Now, the system runs more smoothly thanks to the adoption of an accreditation process. “We provide our partners with guidance, best practice, and access to the platform, but we’re not constraining any innovators just to scale this model internationally. We allow markets to run at their own pace and leverage the innovation of the entire community,” Fatti adds. Ultimately, it comes down to having the flexibility to meet the needs of a variety of markets and leveraging uniformity across the international business footprint while allowing room for individual innovation.

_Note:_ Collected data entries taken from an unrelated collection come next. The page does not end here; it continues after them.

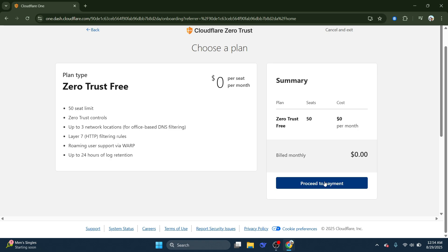And that's it. So that is how you can access Cloudflare Zero Trust. So that's all for this video. Thanks.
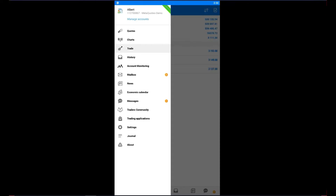This is the MetaTrader app and today we'll start and learn something basic: how to add indicators in the MetaTrader app.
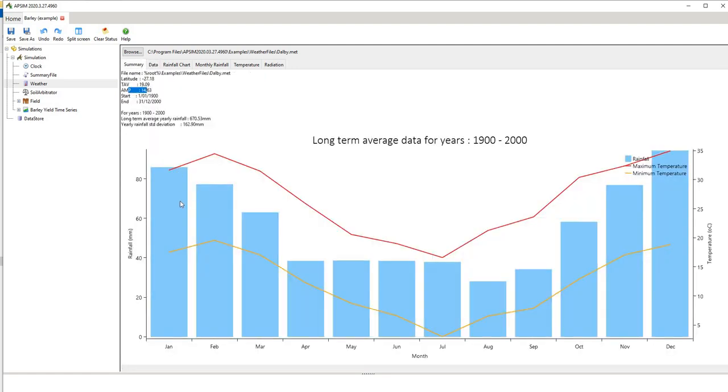What it shows you there is essentially the long term characteristics. So the bars are the rainfall. This top bar here is the maximum daily temperature average for each month across the year. And this bottom one.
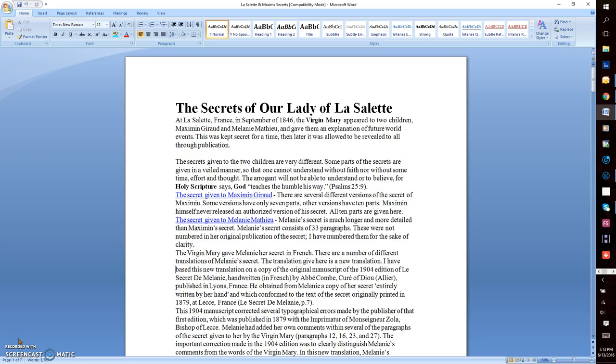The Secrets given to Melanie Matthew: Melanie's secret is much longer and more detailed than Maximin's. Melanie's secret consists of 33 paragraphs. These were not numbered in her original publication of the secret. I've numbered them for the sake of clarity. The Virgin Mary gave Melanie her secret in French.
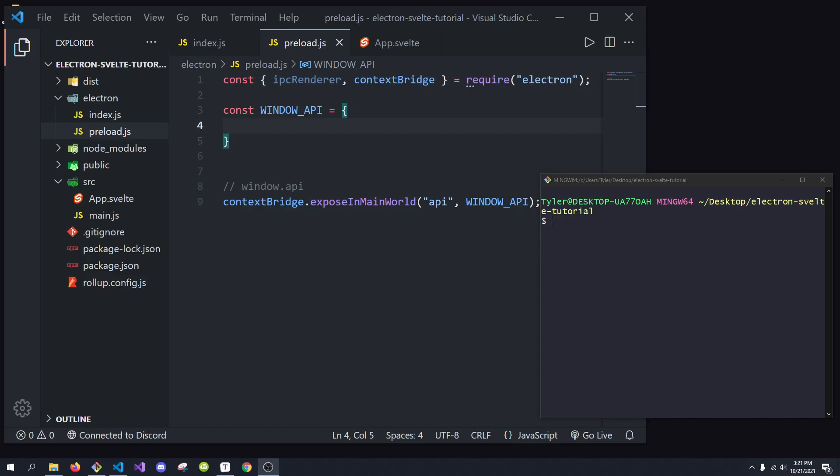Hey, what's going on everybody? It's Tyler here, and today I want to go over IPC communication with Electron. We're going to be covering a few methods: the invoke for IPC renderer, the send, the send sync, and how to handle these events multiple times or one time. We'll show what's the best one to use for your situation.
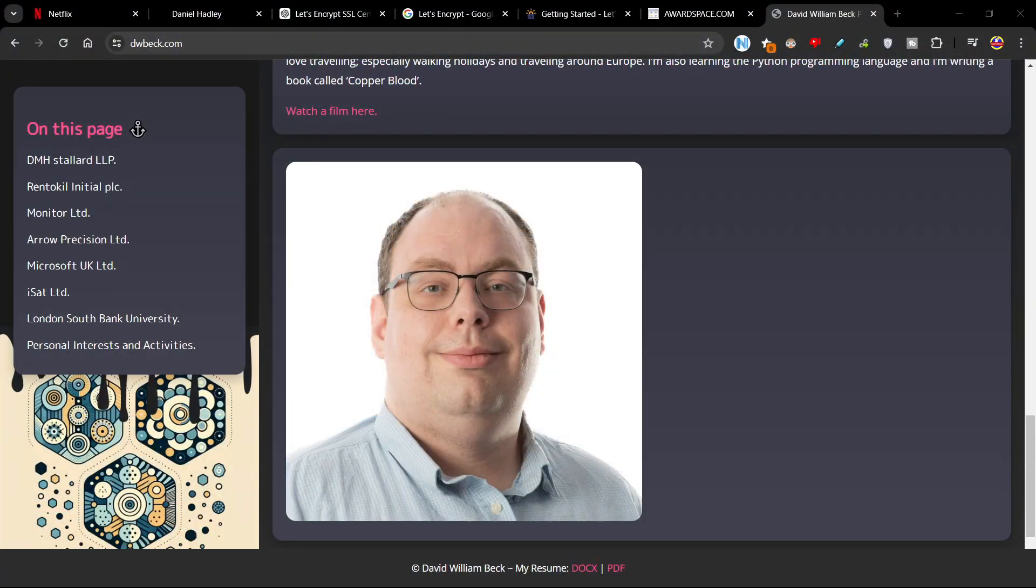Oh, and I'll leave a link in the description to everything. So go have a look there. Bye.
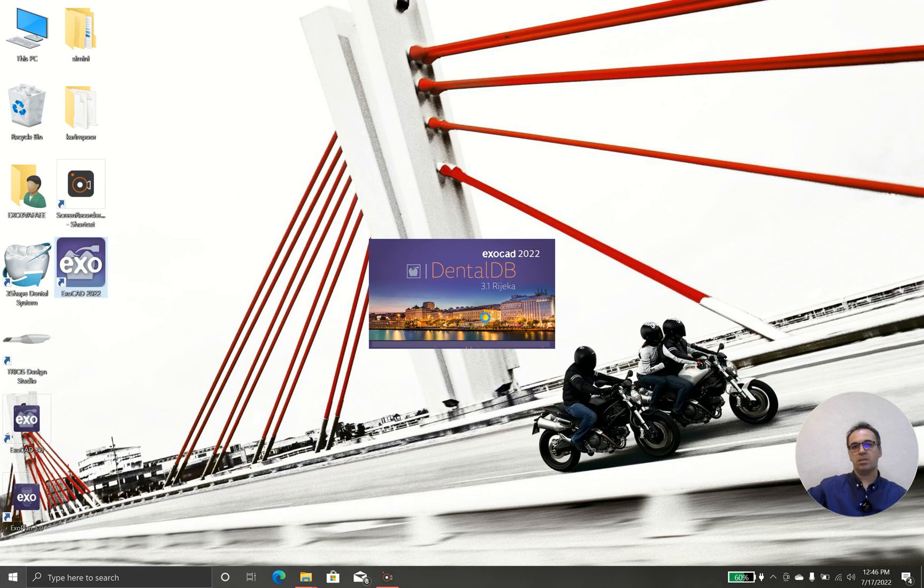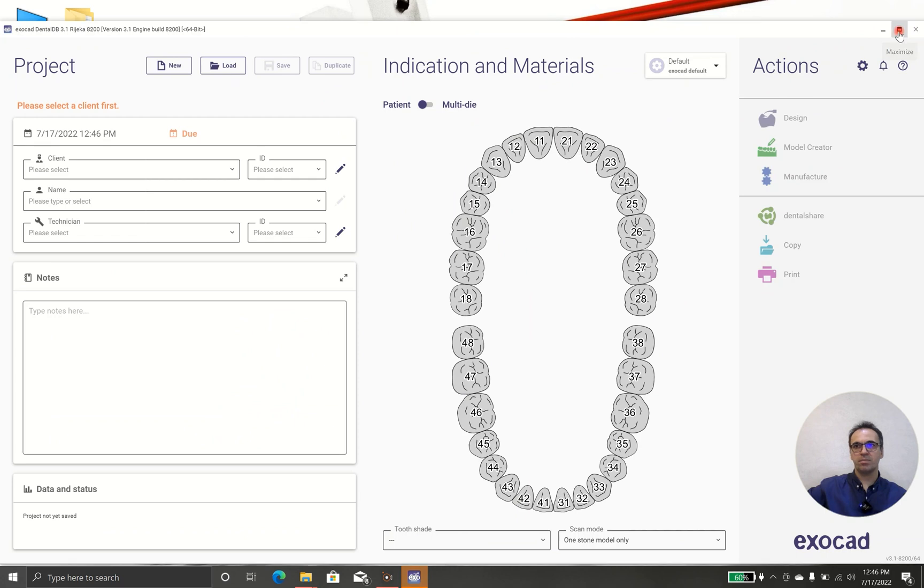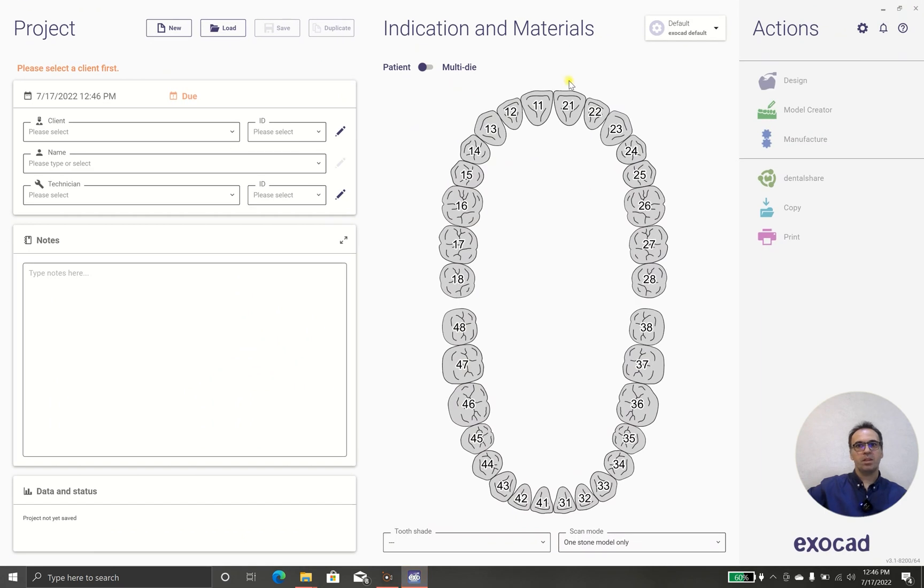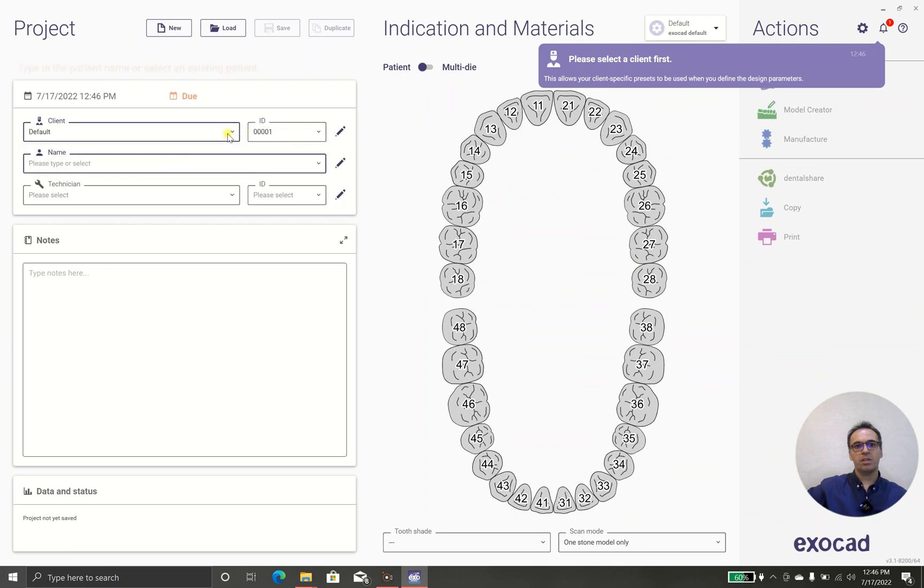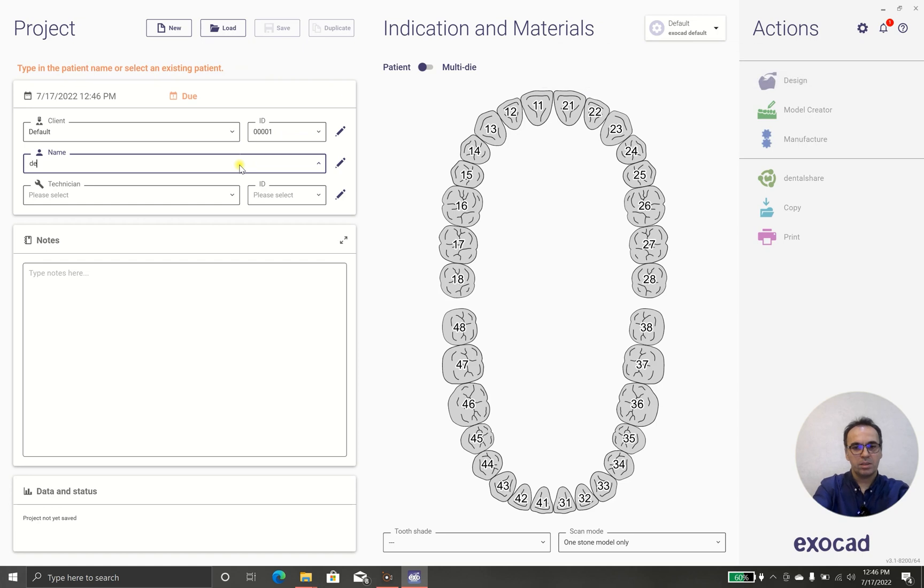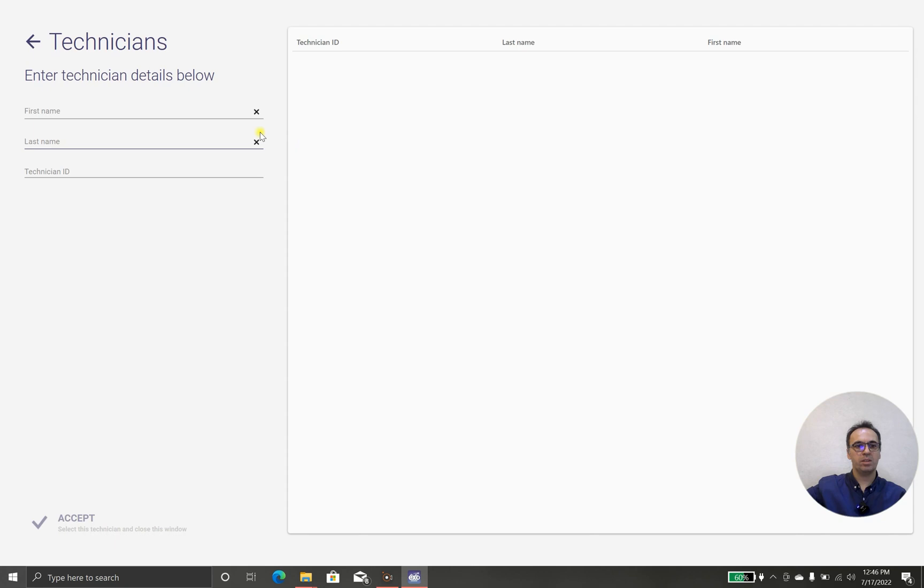Okay, the dental DB is a little bit different, not too much but it's a little bit different. In this case we are going to have client default, I will change it later to demo laminate and technician. We don't have any technician, we need one.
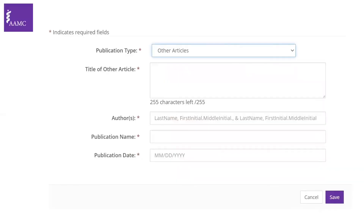'Other articles' is for work that doesn't fit any of these categories. For example, I published research from my final year of medical school in a university proceeding — not published online and not in a peer-reviewed journal. I put this under 'other articles,' and you would include the title of the work, authors, publication name, and the publication date.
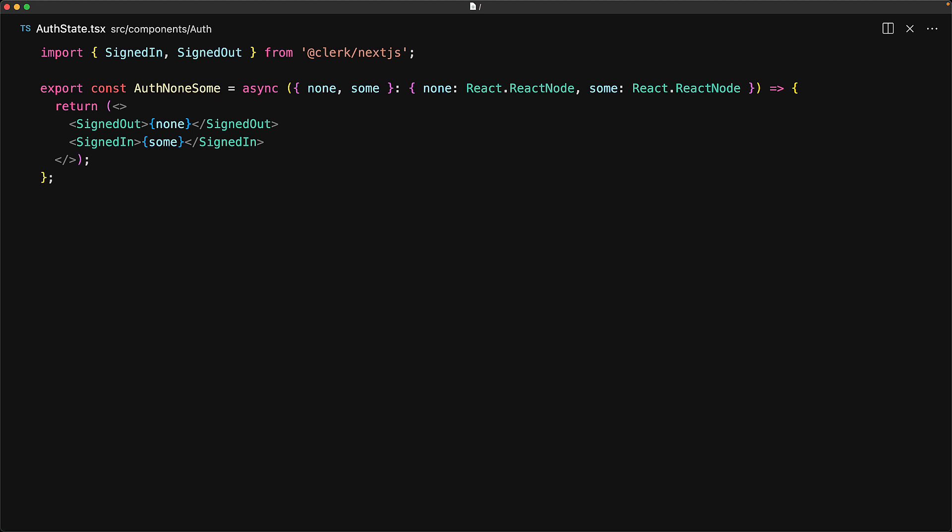Now, the fix is actually quite easy. Basically, we accidentally marked this as async when there is actually no use case for this being an async component.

“One of the key differentiators we have at Discovery is our culture of innovation,” Fatti comments. Innovation has remained integral to the company’s mentality since its foundation, with a particular focus on talent and creativity. Research and development within the business is undertaken with true independence, with its own innovation cycles and product enhancement solutions. Discovery uses data and analytics to drive insight and innovate at the pace and scale it requires. To empower teams to stay innovative, Fatti relies on his background in startups and looks to foster a cutting-edge environment and flexible mindset.
Naturally, Discovery had to position itself at the forefront of innovation in response to an industry that is becoming increasingly competitive. The financial and banking industry has, in recent history, taken well to tech innovations, but the insurance space is also catching up through partner-funded startups and innovative individuals. “Discovery continues to invest heavily in innovation,” Fatti says. “The key thing I’m advocating, and which we’re seeing an increasing appetite for, is a breakdown of silos between product innovation and technology.” Strategy-wise, Discovery is looking ahead to technological trends around big data, automation, and deep learning. As an early adopter of telematics, the company values data science capability and embraces the rise of connected devices. “From a technology perspective, we’re seeing this move from what we call ‘the connected self’ to ‘the quantified self’,” Fatti says. Discovery is developing expertise in micro-personalisation models, AI, and machine learning as foundations for this emerging era of technology. “Ultimately,” he concludes, “it’s about empowering each of our businesses to run as fast as it can.”